On 16 July 2018, the Department informed the applicant that the nomination application had been refused which meant that the applicant’s visa application could not be approved and invited the applicant to comment on this information (CB 130-133). The applicant did not respond.
On 5 August 2018, the nominator applied to the Tribunal to review the delegate’s decision to refuse the nomination application. On 29 June 2021, the Tribunal affirmed the decision not to grant the nomination application. The nominator sought judicial review of that decision to this Court. On 1 March 2023, orders were made by consent quashing the Tribunal’s decision in relation to the nomination application and remitting the matter to the Tribunal to determine according to law. The application for review was later withdrawn by the nominator on 24 April 2024.
On 14 August 2018, the delegate refused to grant the applicant the visa on the basis that the delegate was not satisfied that the applicant met the requirements of cl 186.223 of Schedule 2 to the Migration Regulations 1994 (Cth) (“the Regulations”), as the applicant did not have an approved sponsor for the nominated position (“the delegate’s decision”) (CB 140-144). Accordingly, the delegate found that the secondary applicants did not satisfy the requirements of cl 186.311 of Schedule 2 to the Regulations as they were not members of the family unit of a person who met the primary visa criteria and holds a subclass 186 visa (CB 142-144).
Application for review to the Administrative Appeals Tribunal
On 25 August 2018, the applicants applied to the Tribunal for review of the delegate’s decision on the visa application.
On 4 August 2021, the Tribunal affirmed the delegate’s decision not to grant the applicant the visa as the applicant was not the subject of an approved employer nomination (the “first Tribunal decision”) (CB 155-160).
On 7 September 2021, the applicants applied to this Court for judicial review of the first Tribunal decision.
On 23 October 2023, orders were made by consent quashing the first Tribunal decision and remitting the matter to the Tribunal to determine according to law (CB 162-163).
On 25 October 2023, the Tribunal wrote to the applicants informing them that their application for review will be reconsidered by a member of the Tribunal (CB 170).
On 1 May 2024, the Tribunal wrote to the applicants inviting them to comment on or respond to the information that on 24 April 2024 the nominator had withdrawn their application for review with the Tribunal of the nomination application (“the 359A invitation”) (CB 186-187). The Tribunal said that the information was relevant to the review because the primary applicant must satisfy the criteria in cl 186.223 of the Regulations which states that the Minister has approved the nomination. The Tribunal stated that if they do not receive a comment or response within the period allowed the applicants will lose any entitlement to appear before the Tribunal to give evidence and present arguments, and that the Tribunal may make a decision without taking any further action to obtain the applicants’ views on the information (CB 187).
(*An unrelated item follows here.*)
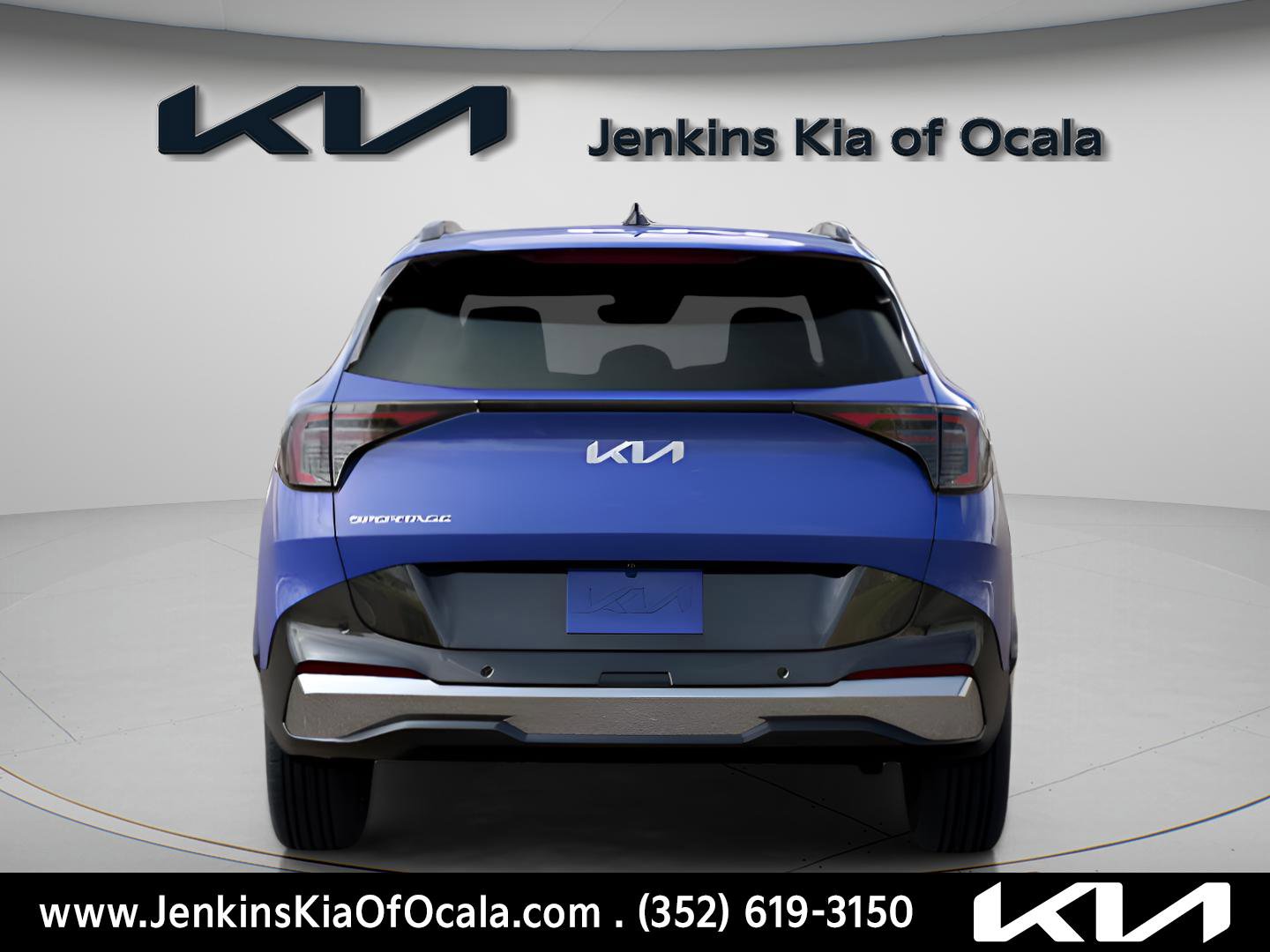 New 2026 Kia Sportage SX image 5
The Tribunal invited the applicants to comment on the following information by 15 May 2024:
On 29 June 2017, you lodged an application for an Employer Nomination (Permanent) (Subclass 186) visa with the Department of Home Affairs (then called the Department of Immigration and Border Protection) (the Department)
On 16 July 2018, the nominator, Energetic Cleaning Services Pty Ltd, had their nomination application (nomination) refused by the Department. The nominator lodged an application for review of this decision with the Tribunal on 5 August 2018. The Tribunal made a decision on 29 June 2021, which was subsequently remitted back to the Tribunal following a decision from the Federal Circuit and Family Court of Australia.
On 24 April 2024, the nominator withdrew their application for review with the Tribunal.
On 3 May 2024, the Tribunal invited the applicant to attend a hearing on 22 May 2024 to give evidence and present arguments relating to the issues arising in her case, stating that it was unable to make a favourable decision based on the information before it alone (CB 189-192).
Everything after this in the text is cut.